#### [Activity]
The answer should hold only the lines from the one containing "Blugi de femei" through the one containing "Another Farm Roguelike: Rebirth screenshot 2" in the entries below, copied exactly, without pictures.

Segment Start: Exercise inputs

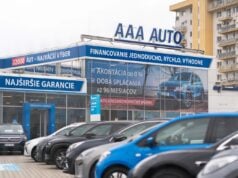 pobočka AAA AUTO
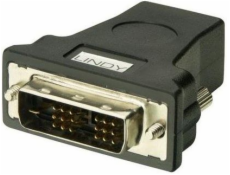 Lindy HDMI - DVI-D AV adaptér černý (41228)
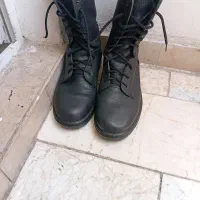 یک جفت پوتین  درحد نو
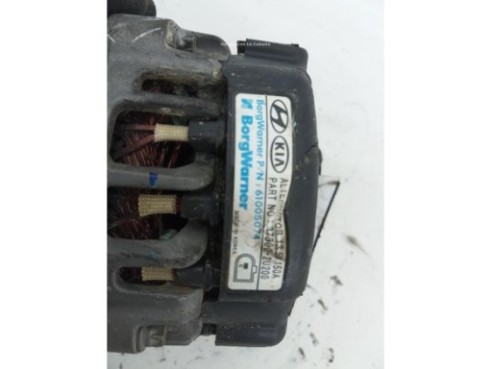373002U200 ALTERNADOR HYUNDAI i30 (PDE, PD)|Desguaces La Cabaña
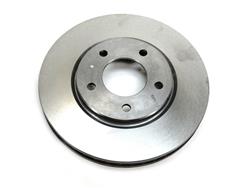 Mopar Replacement - Brake Rotors for 2007 CARAVAN, GRAND CARAVAN, TOWN & COUNTRY - 04721820AG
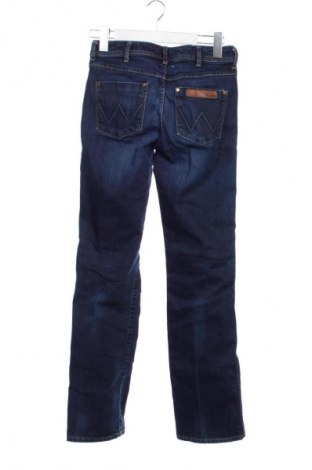 Blugi de femei Wrangler, Mărime XS, Culoare Albastru, Preț 198,99 Lei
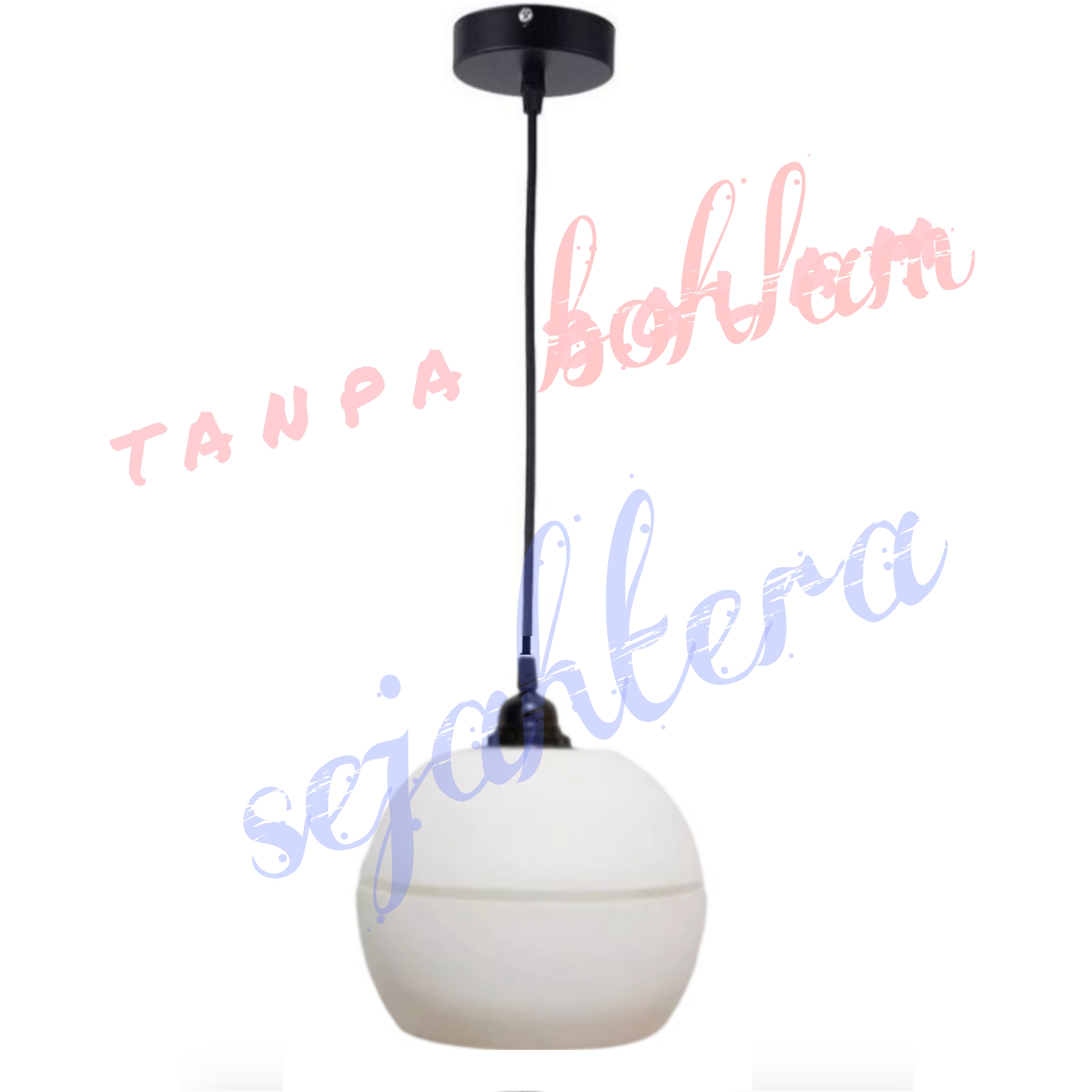 Turun 28%: pulset Lampu Hias Gantung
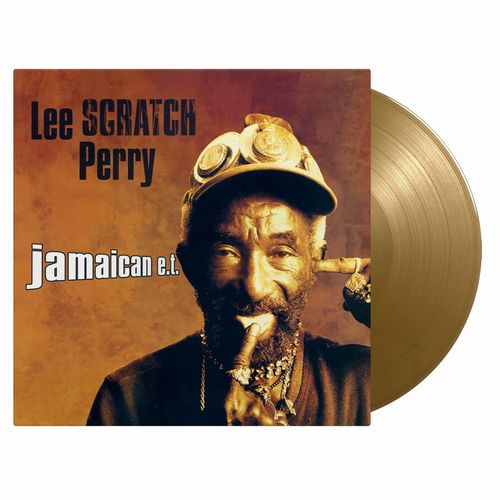 LEE PERRY / リー・ペリー / JAMAICAN E.T. (COLOURED VINYL)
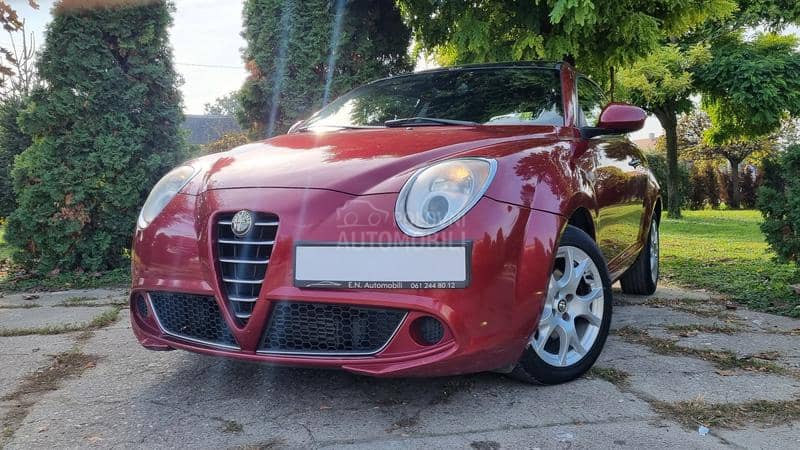 Alfa Romeo MiTo //P A N O-N A V I//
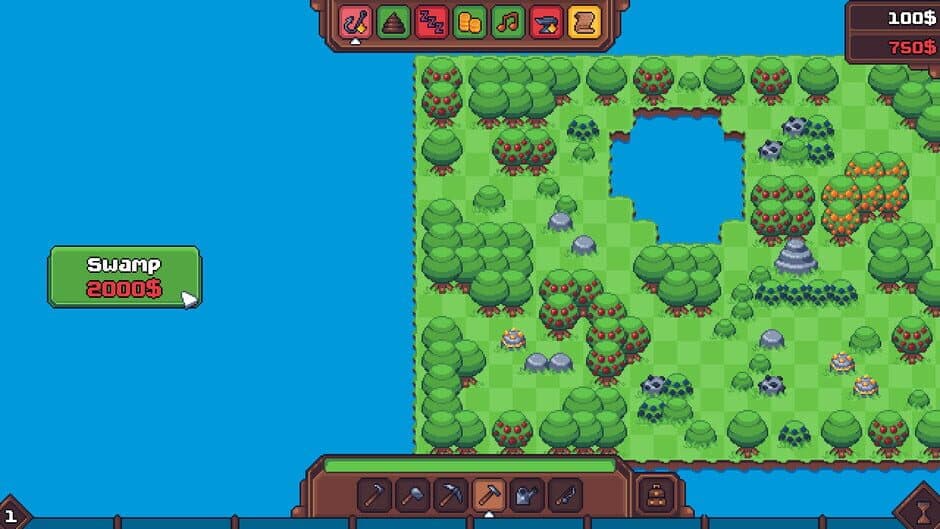 Another Farm Roguelike: Rebirth screenshot 2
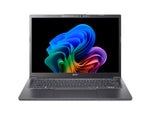 Portatil Acer a14 - 52m u5 - 226v 16GB SSD 512GB 14 pulgadas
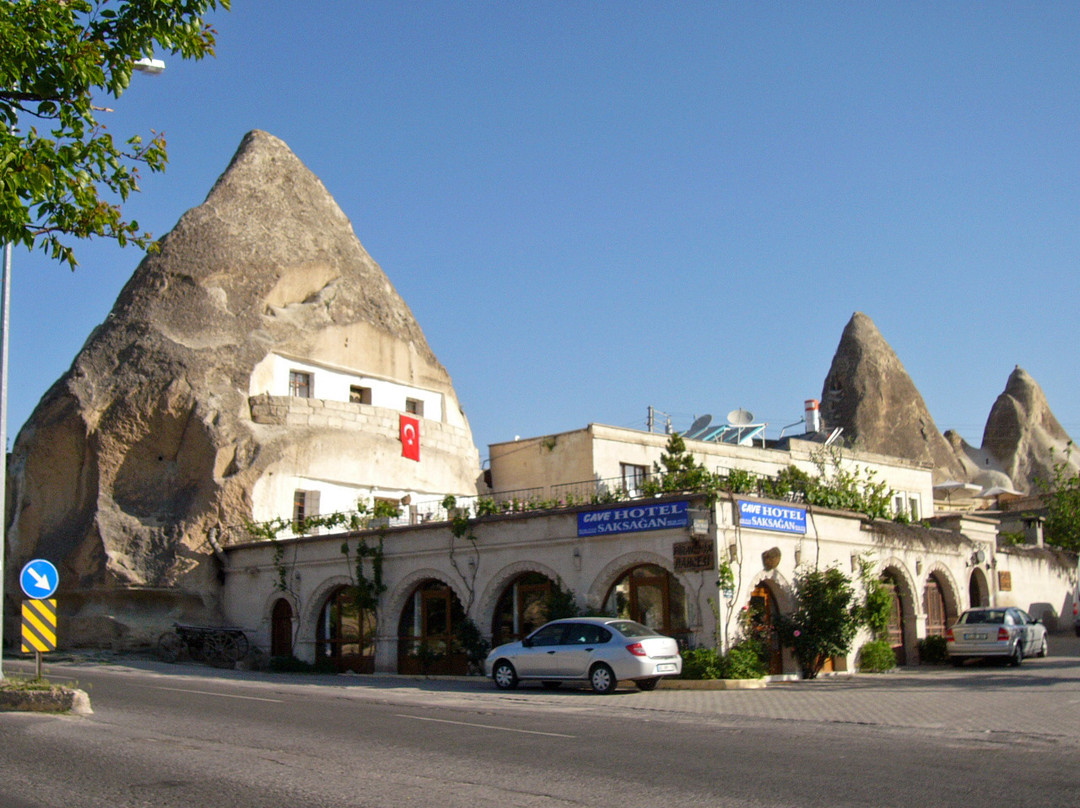Goreme Ranch Cappadocia-格雷梅必去景点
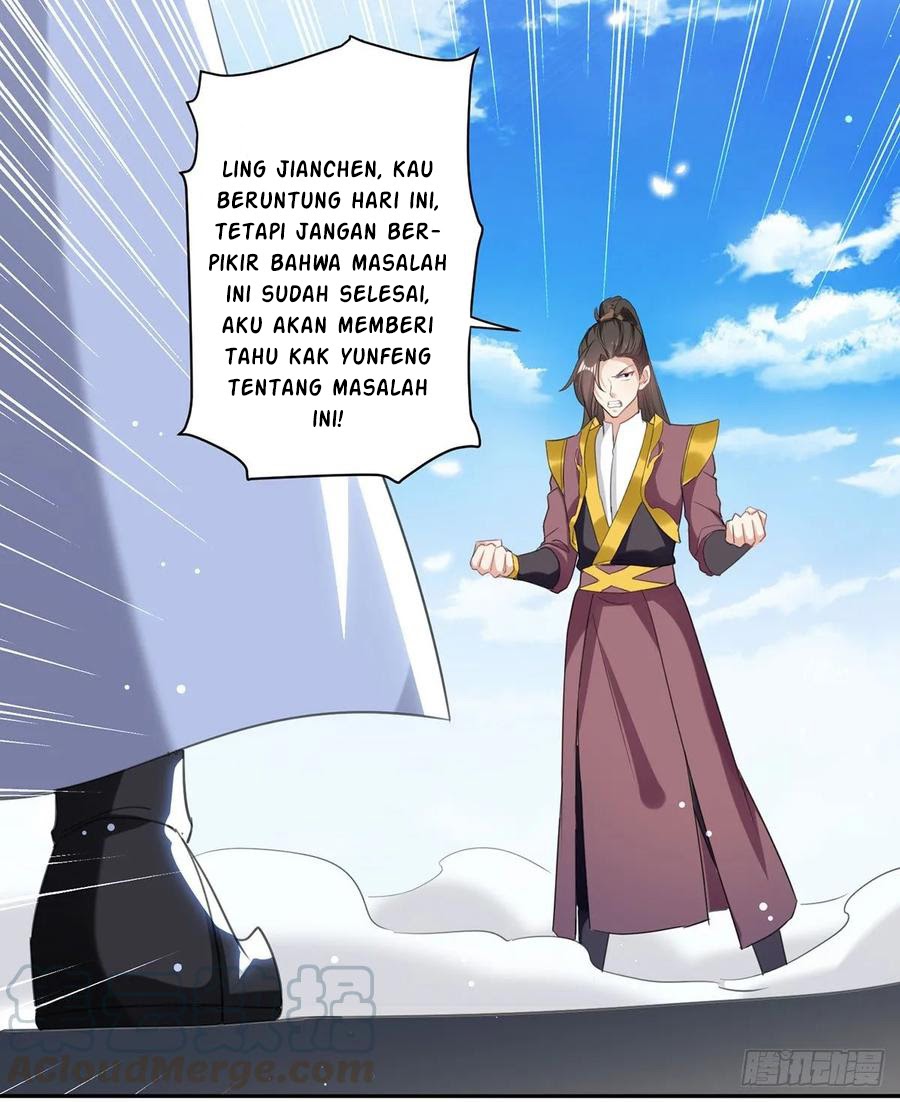 Manhua Ling Tian Shendi Chapter 81 gambar 2
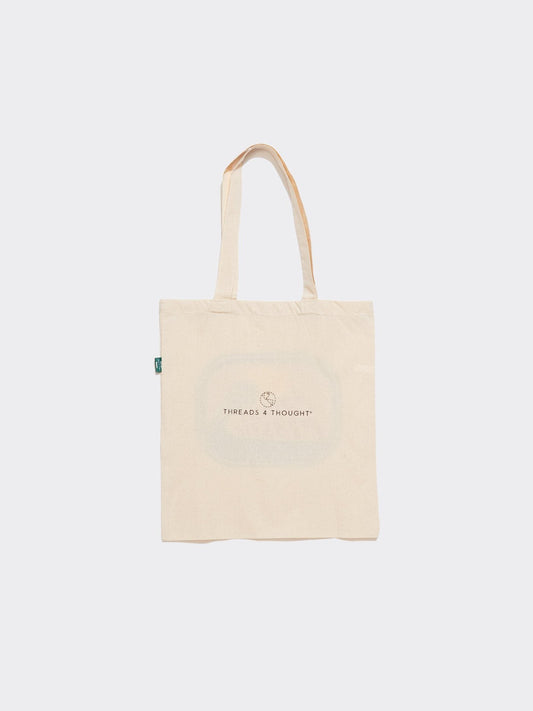 Cancel Plastic Tote 12" X 15"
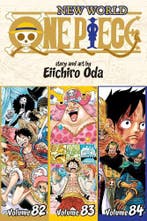 One Piece (Omnibus Edition), Vol. 28: Includes vols. 82, 83, Verzenden, Nieuw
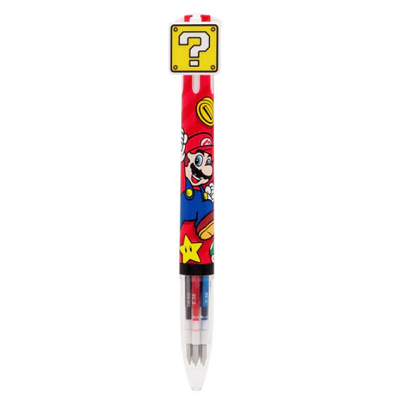 マリオ多機能ボールペン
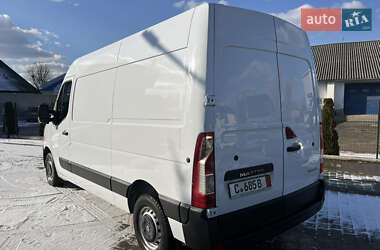 Грузовой фургон Renault Master 2020 в Бродах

Segment End: Exercise inputs

#### [Completed exercise]
 Blugi de femei Wrangler, Mărime XS, Culoare Albastru, Preț 198,99 Lei
 Turun 28%: pulset Lampu Hias Gantung
 LEE PERRY / リー・ペリー / JAMAICAN E.T. (COLOURED VINYL)
 Alfa Romeo MiTo //P A N O-N A V I//
 Another Farm Roguelike: Rebirth screenshot 2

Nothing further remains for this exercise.